The e-payment services, especially Automated Teller Machines (ATMs) and Point of Sales (PoS) terminals, get worse during festive periods, as more withdrawals and payments for shopping take place during the period, says report.

The Guardian investigation revealed that three in every 10 transactions failed during the last Eid-El Kabir celebration, as failed PoS transactions were put at 23 percent, according to the live transaction updates from the Nigeria Inter-Bank Settlement System (NIBSS).

The updates, for instance, showed that about 309,016 attempts to make payments on PoS terminals were not successful.

According to analysts, this was a very significant fraction of the 1.349 million transactions as of 3.16pm of the first day of the celebration.

The data indicated that the issuer banks contributed the most to failure of transactions as 68,697 of the failed attempts were attributed to errors on their platforms.

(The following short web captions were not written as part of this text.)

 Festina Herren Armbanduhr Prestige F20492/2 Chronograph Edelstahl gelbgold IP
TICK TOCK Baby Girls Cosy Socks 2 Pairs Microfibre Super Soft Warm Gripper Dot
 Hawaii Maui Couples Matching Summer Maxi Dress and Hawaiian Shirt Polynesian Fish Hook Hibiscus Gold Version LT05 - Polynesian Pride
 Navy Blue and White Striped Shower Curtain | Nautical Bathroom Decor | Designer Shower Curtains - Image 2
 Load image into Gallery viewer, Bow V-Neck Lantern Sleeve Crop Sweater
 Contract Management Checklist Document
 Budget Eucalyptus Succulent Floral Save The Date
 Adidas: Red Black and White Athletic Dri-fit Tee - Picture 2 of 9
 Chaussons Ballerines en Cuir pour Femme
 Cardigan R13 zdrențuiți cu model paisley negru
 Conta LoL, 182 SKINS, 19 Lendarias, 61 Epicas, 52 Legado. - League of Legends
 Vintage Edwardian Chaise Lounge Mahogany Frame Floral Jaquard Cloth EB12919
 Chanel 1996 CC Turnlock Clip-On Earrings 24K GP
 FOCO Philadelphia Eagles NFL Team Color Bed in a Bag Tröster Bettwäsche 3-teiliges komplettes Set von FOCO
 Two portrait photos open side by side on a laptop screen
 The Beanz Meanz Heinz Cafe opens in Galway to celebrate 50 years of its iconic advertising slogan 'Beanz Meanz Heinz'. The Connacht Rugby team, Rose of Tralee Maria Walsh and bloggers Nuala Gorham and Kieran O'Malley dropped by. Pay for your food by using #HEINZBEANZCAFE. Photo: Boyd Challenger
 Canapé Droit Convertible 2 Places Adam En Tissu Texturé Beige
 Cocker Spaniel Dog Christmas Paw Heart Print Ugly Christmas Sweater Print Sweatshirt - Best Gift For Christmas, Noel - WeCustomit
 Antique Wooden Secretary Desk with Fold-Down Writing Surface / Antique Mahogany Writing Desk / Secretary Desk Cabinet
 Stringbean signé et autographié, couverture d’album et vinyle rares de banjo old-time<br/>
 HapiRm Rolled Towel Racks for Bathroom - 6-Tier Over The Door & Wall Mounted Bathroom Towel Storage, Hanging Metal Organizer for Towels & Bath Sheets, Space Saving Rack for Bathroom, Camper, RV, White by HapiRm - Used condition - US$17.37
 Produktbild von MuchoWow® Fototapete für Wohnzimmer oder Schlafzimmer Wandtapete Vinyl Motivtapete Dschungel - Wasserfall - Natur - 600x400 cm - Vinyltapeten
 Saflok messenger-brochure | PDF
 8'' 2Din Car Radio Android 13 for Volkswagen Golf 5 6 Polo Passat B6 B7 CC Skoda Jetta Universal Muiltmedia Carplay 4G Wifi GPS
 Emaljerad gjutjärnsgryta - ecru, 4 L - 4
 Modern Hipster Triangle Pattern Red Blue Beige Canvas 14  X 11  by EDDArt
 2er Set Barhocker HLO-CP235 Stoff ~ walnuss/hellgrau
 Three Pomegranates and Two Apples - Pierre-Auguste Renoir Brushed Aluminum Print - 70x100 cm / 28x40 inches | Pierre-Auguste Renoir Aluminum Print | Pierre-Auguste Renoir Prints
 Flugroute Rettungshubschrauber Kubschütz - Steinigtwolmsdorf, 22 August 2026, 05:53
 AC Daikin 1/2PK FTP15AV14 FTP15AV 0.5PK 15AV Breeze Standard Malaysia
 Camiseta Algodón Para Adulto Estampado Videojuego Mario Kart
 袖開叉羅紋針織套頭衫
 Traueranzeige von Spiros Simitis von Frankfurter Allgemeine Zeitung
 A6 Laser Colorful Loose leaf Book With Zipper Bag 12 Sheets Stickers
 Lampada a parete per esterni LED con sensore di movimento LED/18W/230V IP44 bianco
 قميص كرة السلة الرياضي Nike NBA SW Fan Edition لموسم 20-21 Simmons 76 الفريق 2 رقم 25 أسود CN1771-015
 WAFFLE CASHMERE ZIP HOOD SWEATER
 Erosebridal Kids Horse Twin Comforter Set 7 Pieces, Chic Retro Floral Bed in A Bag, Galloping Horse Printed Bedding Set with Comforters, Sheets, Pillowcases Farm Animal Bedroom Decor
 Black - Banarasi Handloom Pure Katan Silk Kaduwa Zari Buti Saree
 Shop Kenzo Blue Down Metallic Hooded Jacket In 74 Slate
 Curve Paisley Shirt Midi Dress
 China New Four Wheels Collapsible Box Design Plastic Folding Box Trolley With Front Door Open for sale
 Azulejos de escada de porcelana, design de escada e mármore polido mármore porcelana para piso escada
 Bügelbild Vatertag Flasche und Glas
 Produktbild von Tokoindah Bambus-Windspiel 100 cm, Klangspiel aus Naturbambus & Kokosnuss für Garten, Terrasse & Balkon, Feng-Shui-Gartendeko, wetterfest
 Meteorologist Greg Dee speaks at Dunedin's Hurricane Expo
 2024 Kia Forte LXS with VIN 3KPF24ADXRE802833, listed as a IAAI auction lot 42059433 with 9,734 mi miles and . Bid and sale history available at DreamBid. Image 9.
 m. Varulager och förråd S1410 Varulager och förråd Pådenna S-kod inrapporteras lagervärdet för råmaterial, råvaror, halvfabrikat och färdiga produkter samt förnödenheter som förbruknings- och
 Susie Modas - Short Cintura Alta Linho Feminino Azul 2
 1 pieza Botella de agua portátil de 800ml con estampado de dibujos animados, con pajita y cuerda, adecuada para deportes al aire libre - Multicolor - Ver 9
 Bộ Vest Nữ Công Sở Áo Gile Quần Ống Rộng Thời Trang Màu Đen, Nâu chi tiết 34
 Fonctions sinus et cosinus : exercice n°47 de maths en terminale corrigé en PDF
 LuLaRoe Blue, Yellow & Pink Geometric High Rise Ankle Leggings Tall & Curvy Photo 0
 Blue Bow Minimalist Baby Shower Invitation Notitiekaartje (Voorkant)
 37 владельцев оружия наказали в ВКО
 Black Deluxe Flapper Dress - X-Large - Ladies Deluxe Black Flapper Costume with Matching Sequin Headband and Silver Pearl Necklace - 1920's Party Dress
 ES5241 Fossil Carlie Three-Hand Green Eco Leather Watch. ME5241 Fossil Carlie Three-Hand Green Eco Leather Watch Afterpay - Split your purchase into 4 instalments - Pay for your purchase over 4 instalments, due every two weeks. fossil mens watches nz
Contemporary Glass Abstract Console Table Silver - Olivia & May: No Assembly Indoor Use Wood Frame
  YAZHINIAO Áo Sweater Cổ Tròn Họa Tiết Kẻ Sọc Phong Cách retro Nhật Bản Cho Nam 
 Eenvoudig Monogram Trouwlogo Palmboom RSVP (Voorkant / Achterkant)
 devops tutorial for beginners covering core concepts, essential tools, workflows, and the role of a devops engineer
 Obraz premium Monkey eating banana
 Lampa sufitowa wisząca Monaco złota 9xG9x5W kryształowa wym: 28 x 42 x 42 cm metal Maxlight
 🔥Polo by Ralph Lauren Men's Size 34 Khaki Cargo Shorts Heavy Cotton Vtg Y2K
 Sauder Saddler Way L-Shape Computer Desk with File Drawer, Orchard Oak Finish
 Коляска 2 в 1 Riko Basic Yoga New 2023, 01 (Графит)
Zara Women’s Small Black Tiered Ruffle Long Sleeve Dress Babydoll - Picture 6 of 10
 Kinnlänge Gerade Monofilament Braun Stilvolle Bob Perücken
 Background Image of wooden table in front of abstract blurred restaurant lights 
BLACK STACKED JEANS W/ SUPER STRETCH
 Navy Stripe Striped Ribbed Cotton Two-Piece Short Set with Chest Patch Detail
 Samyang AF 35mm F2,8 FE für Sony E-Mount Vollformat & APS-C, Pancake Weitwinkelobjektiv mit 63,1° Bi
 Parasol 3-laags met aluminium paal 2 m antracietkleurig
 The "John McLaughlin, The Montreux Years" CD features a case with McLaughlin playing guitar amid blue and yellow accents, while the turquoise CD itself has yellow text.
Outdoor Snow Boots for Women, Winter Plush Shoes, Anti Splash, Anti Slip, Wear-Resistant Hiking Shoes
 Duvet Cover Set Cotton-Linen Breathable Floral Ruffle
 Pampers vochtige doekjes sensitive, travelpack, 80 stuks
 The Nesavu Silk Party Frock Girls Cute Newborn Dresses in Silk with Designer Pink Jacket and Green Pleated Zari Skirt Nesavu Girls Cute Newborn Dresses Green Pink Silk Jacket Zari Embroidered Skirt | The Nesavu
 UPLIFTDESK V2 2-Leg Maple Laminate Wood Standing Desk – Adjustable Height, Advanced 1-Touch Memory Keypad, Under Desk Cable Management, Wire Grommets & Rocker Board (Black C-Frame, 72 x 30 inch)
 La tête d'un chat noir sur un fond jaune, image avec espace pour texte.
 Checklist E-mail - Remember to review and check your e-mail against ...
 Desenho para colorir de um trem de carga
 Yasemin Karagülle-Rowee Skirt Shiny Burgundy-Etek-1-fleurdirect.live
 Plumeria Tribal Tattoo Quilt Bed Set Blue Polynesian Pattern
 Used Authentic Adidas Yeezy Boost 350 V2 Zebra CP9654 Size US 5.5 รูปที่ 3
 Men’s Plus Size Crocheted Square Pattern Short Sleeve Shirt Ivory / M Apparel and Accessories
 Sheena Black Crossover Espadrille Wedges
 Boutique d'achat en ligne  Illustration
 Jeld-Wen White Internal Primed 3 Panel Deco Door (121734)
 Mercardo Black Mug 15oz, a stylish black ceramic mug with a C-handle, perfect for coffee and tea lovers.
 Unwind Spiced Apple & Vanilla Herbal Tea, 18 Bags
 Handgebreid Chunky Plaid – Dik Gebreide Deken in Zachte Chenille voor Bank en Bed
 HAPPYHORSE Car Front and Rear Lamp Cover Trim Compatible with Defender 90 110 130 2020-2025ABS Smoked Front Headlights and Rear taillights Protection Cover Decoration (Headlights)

This was closely followed by errors emanating from the customers, which accounted for 37,034 of failed payments.

Akeem Lawal, Divisional Chief Executive Officer at Interswitch, who confirmed the ATM dispensing challenge, said dispensing error is highest in Nigeria than any other part of the world.

Lawal, who revealed this at the Fintech 1000+ webinar, said this was because of the type of currencies that are in the ATMs, “Abroad, ATMs dispense new mints.”

Data from NIBSS showed that Nigerians moved about N30trillion in ATM transactions between 2014 and 2019, with 2018 and 2019 each recording N6trillion worth of transactions.

The volume of ATM transactions with the six-year period stood at about 4 billion; meaning that Nigerians used the ATMs four billion times in six years.

The increasing rate of transaction failures, through electronic payment (ePayment) channels, also includes electronic money transfers, and unstructured supplementary service data (USSD), among others.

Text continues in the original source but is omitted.